そうだ、また京都1509初秋(5) 常照寺 [紀行]
光悦寺を出て、源光庵の前を通り、今朝降り立ったバス停の方へ緩やかに曲がる。
そのバス停の前も通り過ぎてすぐ、大きな「南無妙法蓮華経」とある石碑が見えてくる。
光悦寺もそうですが、日蓮宗のお寺。本阿弥光悦が熱心な法華教を信仰していたそうです。
檀林という文字。
そう言えば、源光庵の襖にも同じ文字がありましたね。
檀林は僧侶の学校という意味。
今から向かう常照寺もかつては多くの学僧がここで学んでいたそうです。
こちらも周囲と同じように紅葉の名所なのですが、もみじ・楓だけでなく
吉野桜や枝垂れ桜など、多くの山桜があり、秋だけでなく春も参拝客の目を楽しませてくれているそうです。
この時期は紅葉でもなく、桜色でもなく。
参道を進むと朱塗りの門が見えます。
吉野門。
二代目吉野太夫が寄進したもの。
美貌・品位・学芸に優れ、御所に上がることも許される五位の位も持っていた吉野太夫。
豪商に身請けをされましたが、若くしてこの世を去ってしまいます。
遺言によって、常照寺にて眠っています。
四月の桜の頃、太夫を偲び『花供養』が常照寺で執り行われます。
その際には島原より太夫がやって来て、内八文字に歩き、大傘や女中などが歩き進みます。
吉野門を過ぎて右手を見ると、帯塚があります。
太夫が眠る寺に帯塚が建立されるのも何かの縁なのか、導きなのか。
受付で拝観料を納めます。
その際に右側に進むとビデオの上映会をしていますよ、連続で流しているのでどうぞ見ていってくださいとのこと。
ならば奨めに従い、拝見することに。
ちょうど、冒頭から拝見する事ができました。
常照寺さんの案内ビデオ、いや殆どが吉野太夫に関係する事が多かった。
先程の花供養の映像も映し出され、島原から毎年この花供養に太夫が参加しているようです。

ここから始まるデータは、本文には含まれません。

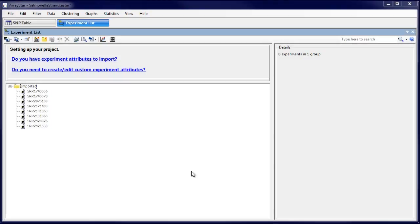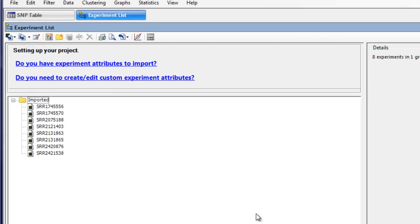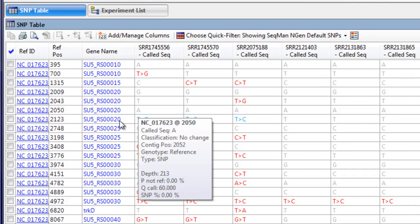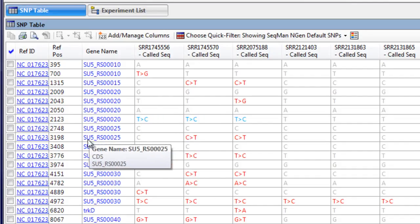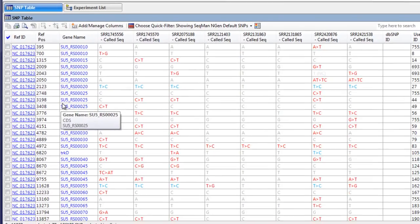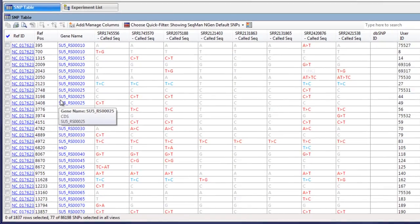Now, you can see all of the assemblies listed in the Experiment view. Open the SNP table to see the variants called at each position for all of the assembled genomes simultaneously.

私が映像で見た、太夫はまっすぐ前を向き、内八文字で少しずつ少しずつ歩き、その姿は凛として美しかった。
島原には現在、何人かの太夫がいますが、私が見た映像の太夫は、如月太夫なのかな・・・。ファンニナリソウ。
吉野太夫に関する説明もありましたが、その中で非常に印象に残ったこと。
吉野窓。
丸窓です。ついさっき、源光庵で見た丸窓、別名悟りの窓と少し、いや大きく異なります。
窓の下の部分が少しだけ切られて真っ直ぐになっています。
勿論、意図的にそうしているのです。
完全な円形ではない。
満月も翌日には欠け始めます。完全と思ってもすぐに不完全に。奥が深い・・・。
ん?
そうか、言われてみれば今までに下が切れている円窓を見たことがあるではないか!
鎌倉 明月院の丸窓
こちらの窓も下が切れている。
さて、常照寺に戻ります。
もうすぐ映像も終わるかな?というタイミングで何人か入ってきた。
映像が見やすい椅子が埋まっている。
エンドロールが流れ始めたので立ち上がり、境内を回ることにしました。
本堂を真正面に見て、左側から順路があります。
鬼子母尊神堂。
常富大菩薩
妙法龍神堂
そして、比較的新しい門があります。
どうやら下に随分と続く階段があります。
白馬池。
この地にある白馬で往来した仙人の伝説を元に白馬池を復興、ブロンズ製の仏像を作成したそうです。
では行ってみましょう。
ちょっと心配になる位に降りると、何かの施設(水?電気?)があり、あれ?どこ?と周りを見てみると
お、まだ階段がある。
更に降りていきます。
先ほどいたご本堂は随分と高い位置に見えます・・・いや、見えない位に下ったなぁ。
来ました、白馬池。
こちらが白馬池。
白馬観音
江里敏明さんの手によって作られたブロンズ製の仏像です。
他の誰も来ないのかな?
と思っていたら、先ほどビデオを見ていた時に入ってきたご夫婦らしい二人が階段を下りてきた。
では、吉野窓を見に行こう。
その吉野窓がある遺芳庵。
ん?
んんんんんん?
ビデオを見て、すっかり吉野窓を見る気満々でしたが
遺芳庵は常時公開ではなかった。
あああああ
吉野窓を丸ではなく、横からうすーく見てみる。
これでは絶対に悟れない(笑)
確かに下が切れていることは分かった。(笑)
ああ、入口側が空いていると丸窓と後ろからさしてくる光で綺麗にほぼ円が見えるのに。
残念。
で、残念に思いつつ撮った写真。
現地で自分の目でははっきり見えなかったのですが、PCで画像処理をちょっとしたら見えてきた・・・
こちらが吉野窓。
その後、吉野太夫のお墓に。
いつもながら意図的にお墓は撮影しませんでした。
一通り巡るとご本堂の裏手に戻ってきました。
常照寺ですれ違った参拝(拝観)客の半分は見かけた顔。
源光庵も光悦寺も、そして常照寺も非常に近いロケーション。
前述の花供養の時の太夫行列も源光庵の前からスタートします。
そんな距離感。
めぐる順番もあるかもしれませんが、ついさっき知った顔が先にいたり、後から来たり。
そして、次に向かいます。
今回の京都散策は珍しく、タイムスケジュールを組んでみました。
見学する時間も来てみないとわからないものですし、本当は源光庵→常照寺→光悦寺と回る予定を変更したにも関わらず、ほぼ予定通りの時間です。